Queen Elizabeth II wattle painting, Sir William Dargie, 1954
https://www.nma.gov.au/explore/collection/highlights/queen-elizabeth-ii-wattle-painting

Vale, Elizabeth II Regina - a shining, remarkable, singular life devoted to service, duty and the public good. I think Paul Keating and Boris Johnson - two leaders who couldn’t be more different in their politics, backgrounds, personalities, and attitudes to the monarchy - together best captured the significance of QEII’s life and passing (swipe right). 

The late Queen’s legacy has prompted much reflection as we’ve witnessed the end of an historical epoch, or an unmooring from a different time and world, as if we were setting off into the open ocean of the future to meet all its vagaries, without QEII as a constant source of deep historical and cultural anchoring and context. It’s daunting to lose our connection with the generations who lived through the horrors of the 20th century, and to think about the immense challenges we face without their counsel and memory. I have reflected a lot on Yeats’ poem ‘The Second Coming’: especially the line “things fall apart; the centre cannot hold”.

Since the Queen’s passing, I’ve thought a lot about the respective virtues and limitations of constitutional monarchies and republics (in an Australian context and more generally); the positive legacies of the Crown as well as the ugly ones, namely the ongoing traumas and injustices caused by colonialism and the distortion wrought upon the lives of First Nations peoples in Australia; as well as the historical and sociological dimensions of monarchy - how extraordinary that it exists at all, its fascinating and deeply rooted rituals and history, and my distaste for a lot of its obscene privilege and its otherness from the demos, even though I love the pomp, ceremony, and hymns that go with it.
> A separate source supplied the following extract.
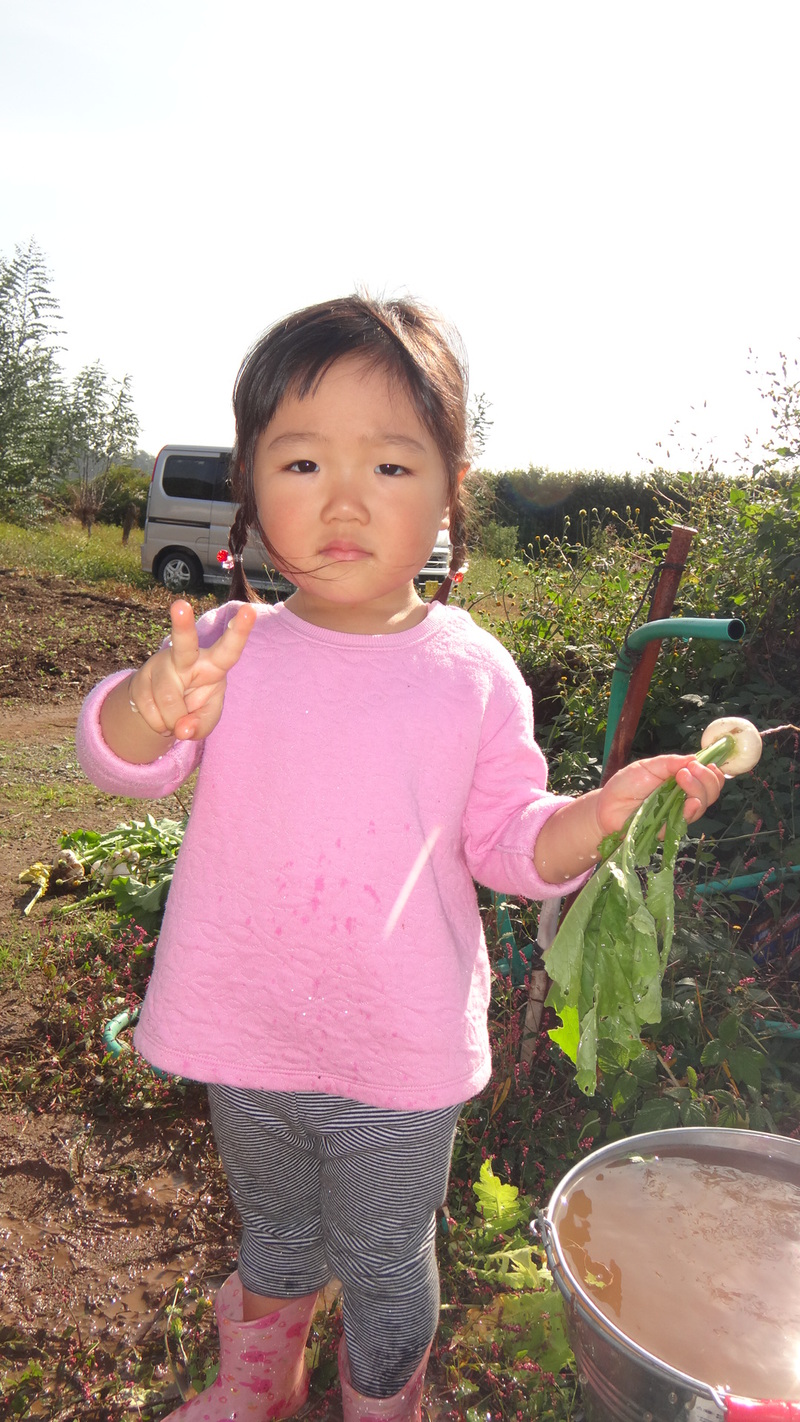 第18回農薬も肥料も使わない家庭菜園教室ニュース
All of these mixed (contradictory) feelings and thoughts aside, on a personal and emotional level, I’ve always felt a deep affection and admiration for the late Queen and Australia’s constitutional arrangements. When I lived in China for 9 months, I blu-tacked some Australian coins to my bedroom wall, one with the Queen’s effigy facing outwards. Her visage and the symbol of the crown reminded me of everything I loved and was grateful for in Australia and our broader political, legal, and cultural inheritances, which contrasted so starkly with China’s hypersecular and totalitarian political system. Joining the reserves and pledging allegiance to the late Queen also meant a lot to me - even if my involvement to date has been very light touch and a small part of my life. It had resonances of a time where the refrain ‘for God, King, and Country’ meant more than it does today under the sterile arclights of modernity. Perhaps that’s the transfixing power of the Crown and the Queen’s legacy: it represents something transcendent, mysterious (even magical), and enduring, which defies logic by operating on an emotional, instinctive level, and which is beyond the transience of grasping politics and individual lives. In a world and culture which elevates the private self, appearances, celebrity, and materialism above all, the legacy of the Queen is worth paying heed to.